一些source_tasks的示例如下:
System-Src-WaitAndSendIds_16
System-AutoTick-AppendDeviceTick_9
System-EagerCriticalSection-Interface-End-Tick-19
System-EagerCriticalSection-Interface-End-Tick-25
Runtime調用HandoutTasks函數(https://github.com/Oneflow-Inc/oneflow/blob/release/v0.8.0/oneflow/core/job/runtime.cpp#L100-L101)會給ActorMsgBus發送構建Actor的kConstructActor消息(https://github.com/Oneflow-Inc/oneflow/blob/release/v0.8.0/oneflow/core/job/runtime.cpp#L49)。
6.3 ActorMsgBus和Thread的消息處理
從接口看,ActorMsgBus?(https://github.com/Oneflow-Inc/oneflow/blob/release/v0.8.0/oneflow/core/lazy/actor/actor_message_bus.cpp#L24)負責消息的發送(Actor通過ActorMsgBus發送消息),Thread::PollMsgChannel(https://github.com/Oneflow-Inc/oneflow/blob/release/v0.8.1/oneflow/core/thread/thread.cpp#L60) 負責消息的接收和處理。
相關實體的協作關系如下
Actor是自調度的基本單元,接受消息然后工作,工作完后再繼續發送消息。
actor_id就是task_id,是在編譯Plan時就確定的。task是編譯時概念,actor是對等的運行時概念。
task_id有特定的編碼格式(https://github.com/Oneflow-Inc/oneflow/blob/release/v0.8.0/oneflow/core/graph/task_id.cpp#L21-L29),從中可以解析出machine_id(https://github.com/Oneflow-Inc/oneflow/blob/release/v0.8.0/oneflow/core/graph/task_id.cpp#L73)和thread_id(https://github.com/Oneflow-Inc/oneflow/blob/release/v0.8.0/oneflow/core/graph/task_id.cpp#L77)。
在跨網絡的整個物理圖Plan中,actor id相當于地址,通過它可以定位唯一的actor實體。
Actor 通過 ActorMsgBus::SendMsg(https://github.com/Oneflow-Inc/oneflow/blob/release/v0.8.0/oneflow/core/lazy/actor/actor_message_bus.cpp#L24) 發送 ActorMsg(https://github.com/Oneflow-Inc/oneflow/blob/4856d691051accd72f13f4139d281e411977b297/oneflow/core/lazy/actor/actor_message.h#L34) 消息。

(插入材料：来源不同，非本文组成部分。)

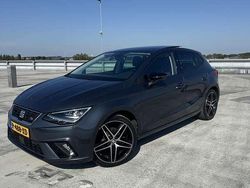Grijs Gebruikt 2018 Seat Ibiza Beats Hatchback | € 14.000 (Iets duurder)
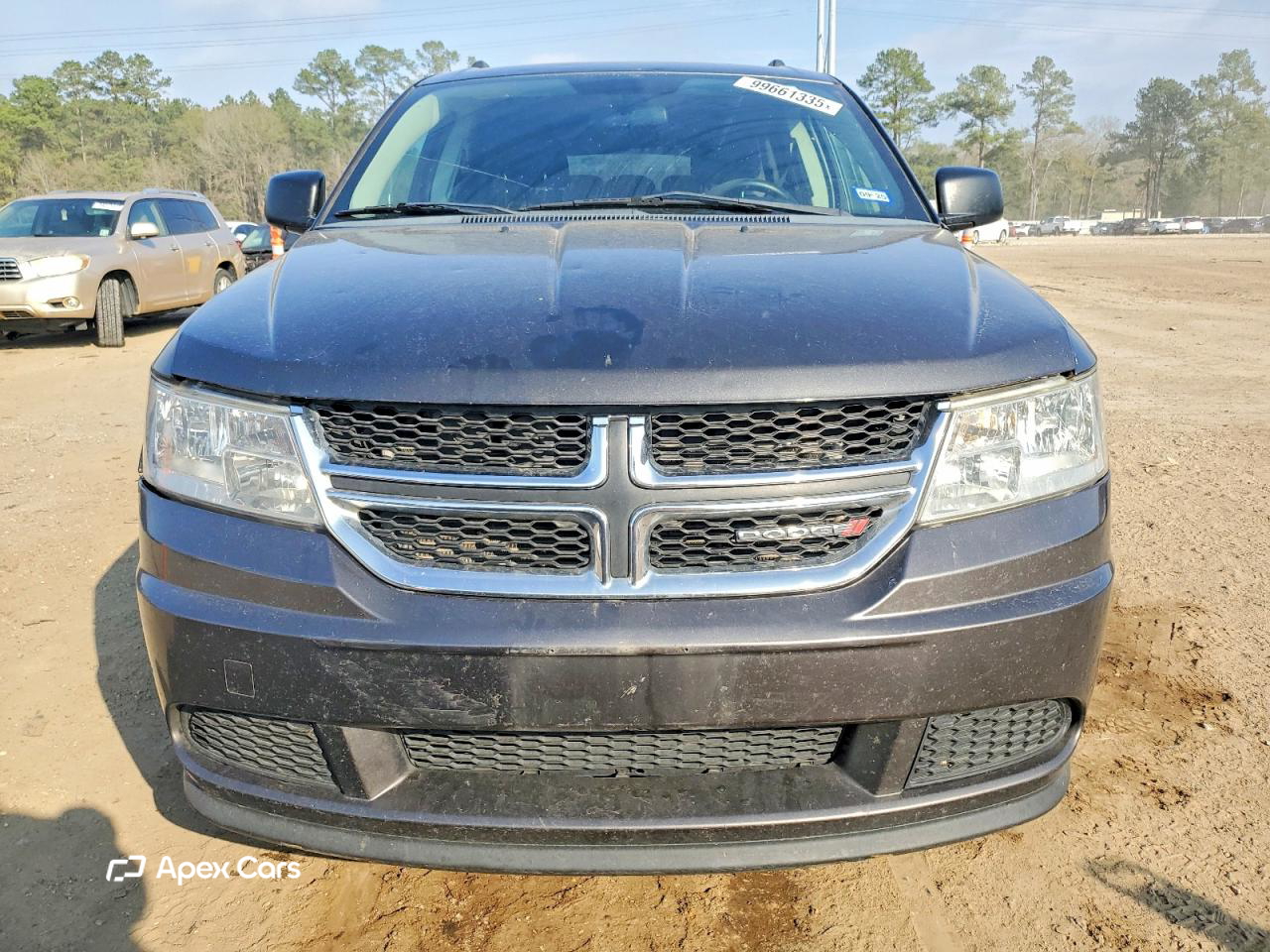 Dodge Journey 2017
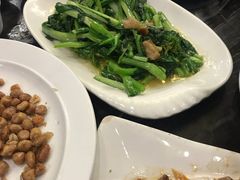 猪油渣菜心-美极鲜食坊(宝安南路店)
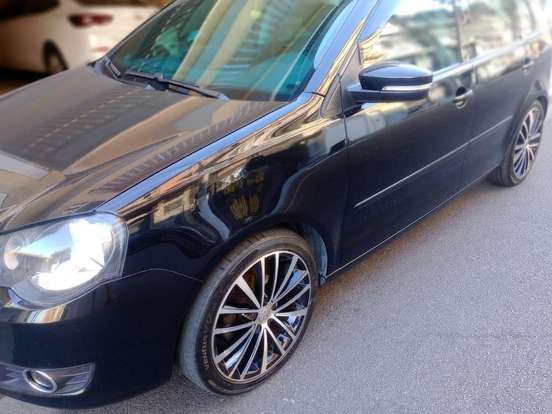 VOLKSWAGEN-POLO-1.6 MI 8V TOTAL FLEX 4P MANUAL VOLKSWAGEN-POLO-2011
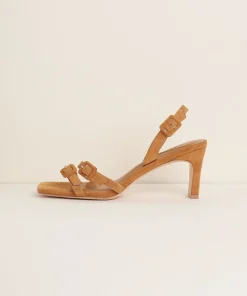New Kaylin In Bamboo Women Heels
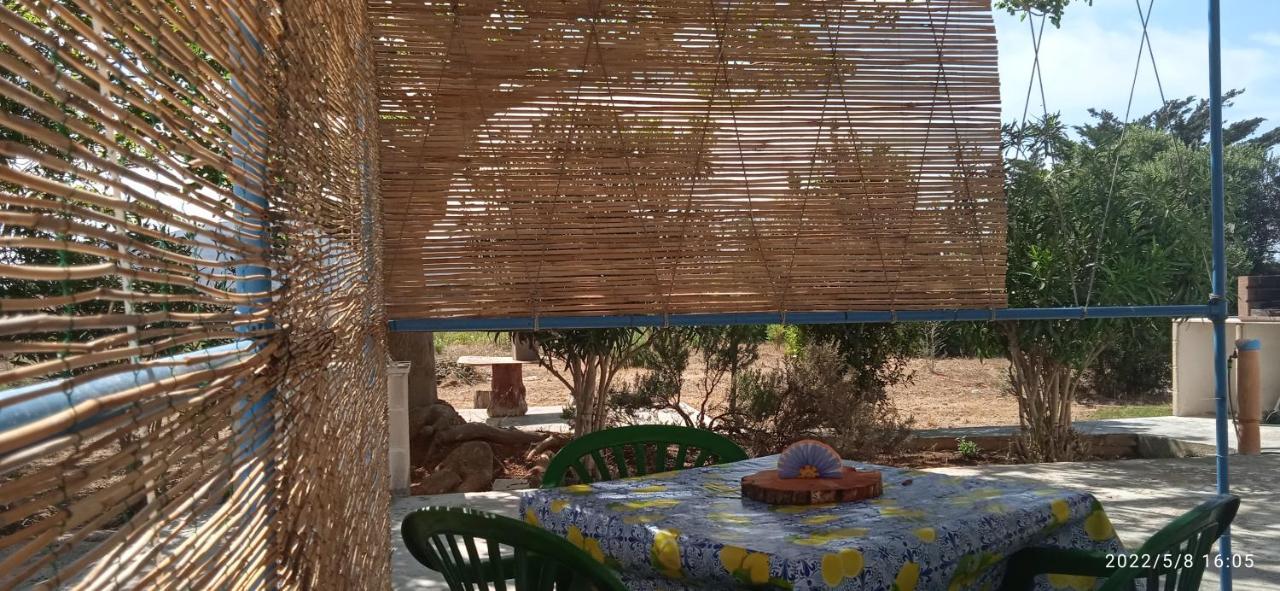 Willa Sogni Nel Blu Favignana Zewnętrze zdjęcie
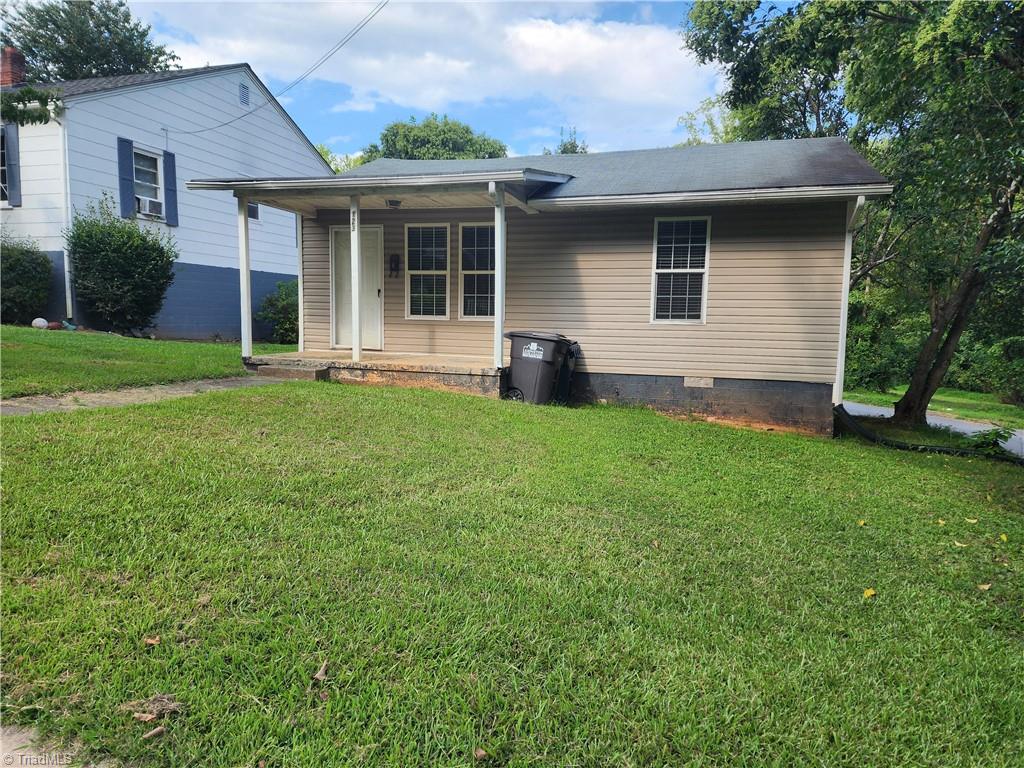 123 Booker Avenue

ActorMsg包含源和目的actor id(https://github.com/Oneflow-Inc/oneflow/blob/release/v0.8.0/oneflow/core/lazy/actor/actor_message.h#L84-L85)。
如果是進程內通訊(https://github.com/Oneflow-Inc/oneflow/blob/release/v0.8.0/oneflow/core/lazy/actor/actor_message_bus.cpp#L26),將通過 ActorMsgBus::SendMsgWithoutCommNet?(https://github.com/Oneflow-Inc/oneflow/blob/4856d691051accd72f13f4139d281e411977b297/oneflow/core/lazy/actor/actor_message_bus.cpp#L49)把 ActorMsg 朝目的 actor 所在的 thread 入隊消息(https://github.com/Oneflow-Inc/oneflow/blob/4856d691051accd72f13f4139d281e411977b297/oneflow/core/thread/thread.h#L40)。
Thread::EnqueueActorMsg 會判斷當前 thread 是否是 actor thread,如果是則入本地隊列,否則則入 actor thead 的 channel 隊列。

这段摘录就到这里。